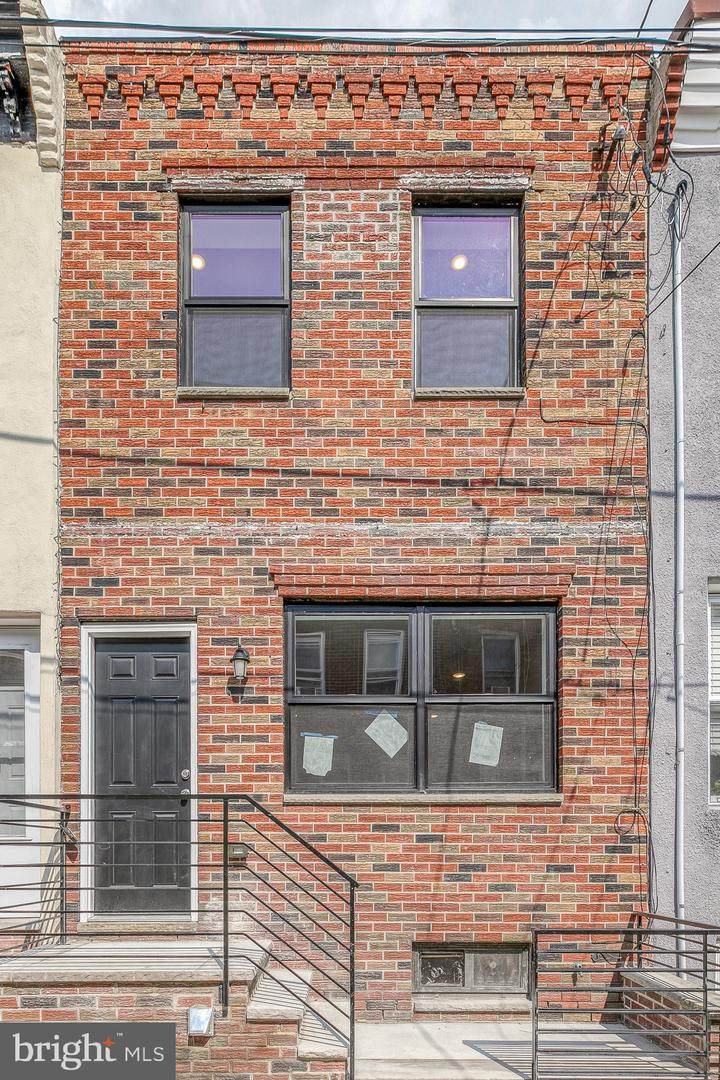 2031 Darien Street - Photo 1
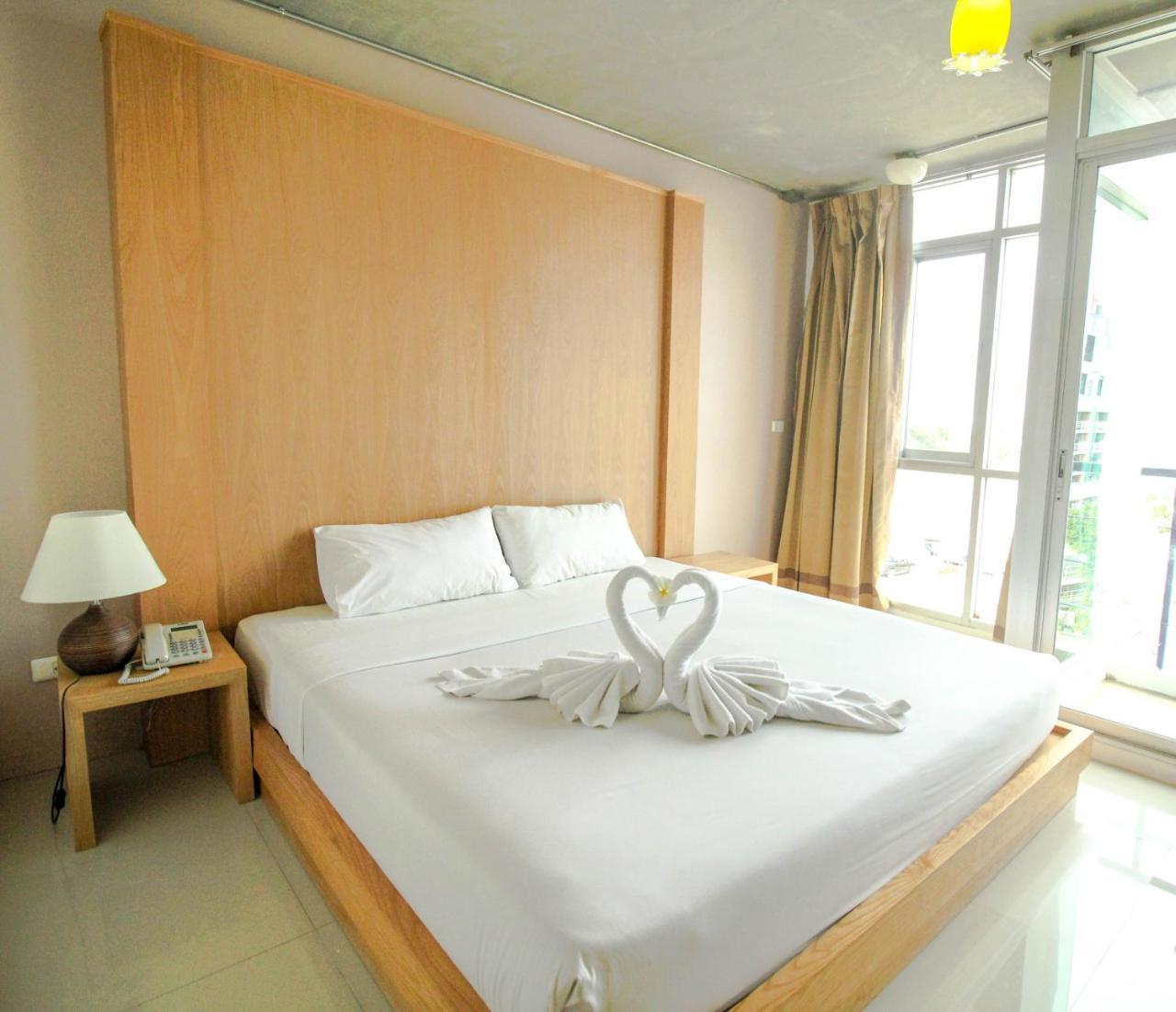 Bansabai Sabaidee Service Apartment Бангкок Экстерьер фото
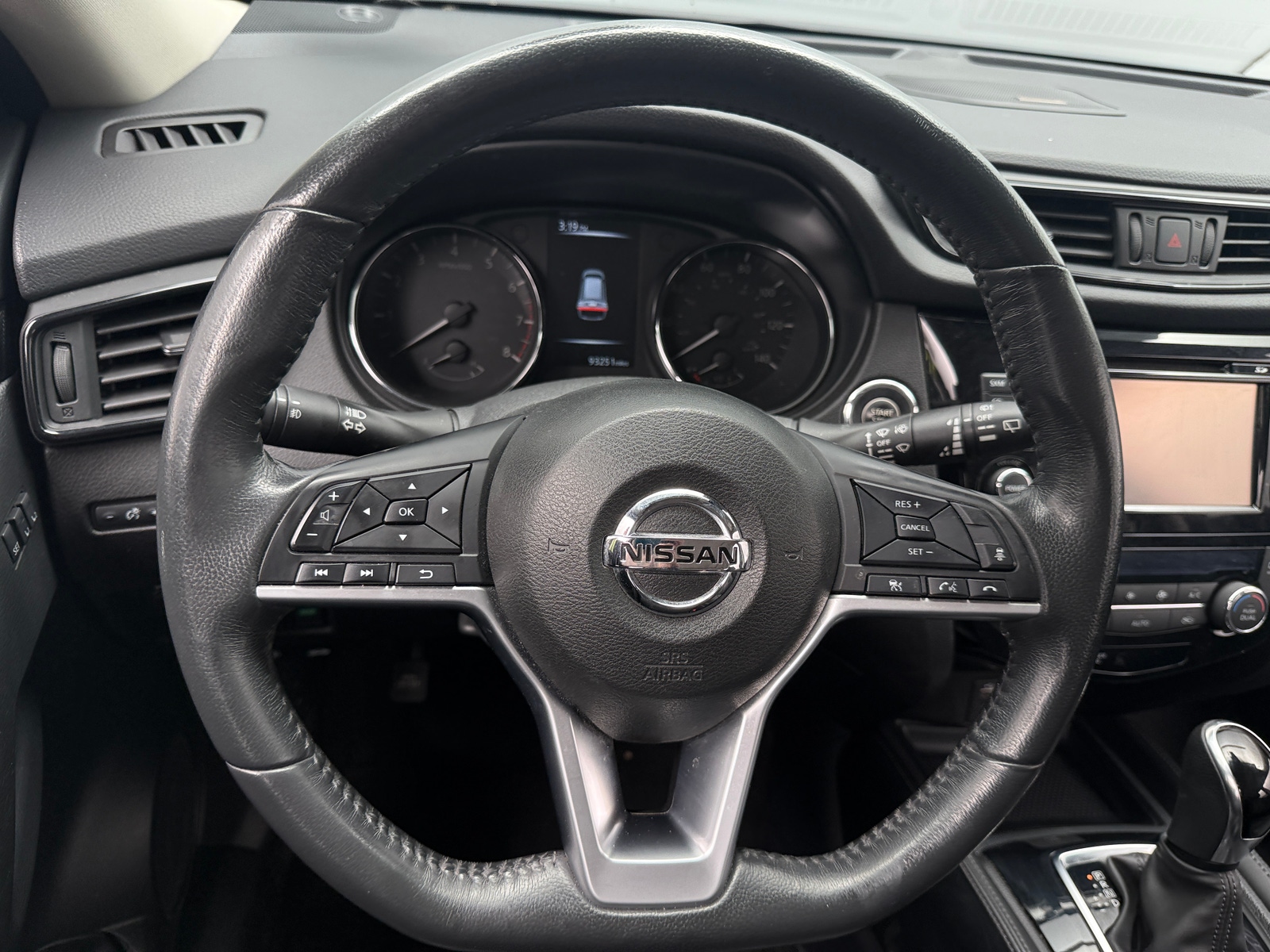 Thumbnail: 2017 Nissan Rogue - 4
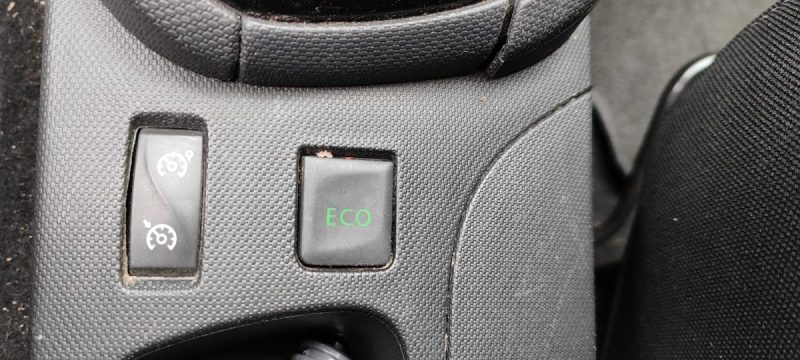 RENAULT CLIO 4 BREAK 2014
*****
Your copy should run from the line that has "Bansabai Sabaidee Service" through the last line above, exactly, with both ends in and pictures out.

▸ Written answer
 Bansabai Sabaidee Service Apartment Бангкок Экстерьер фото
 Thumbnail: 2017 Nissan Rogue - 4
 RENAULT CLIO 4 BREAK 2014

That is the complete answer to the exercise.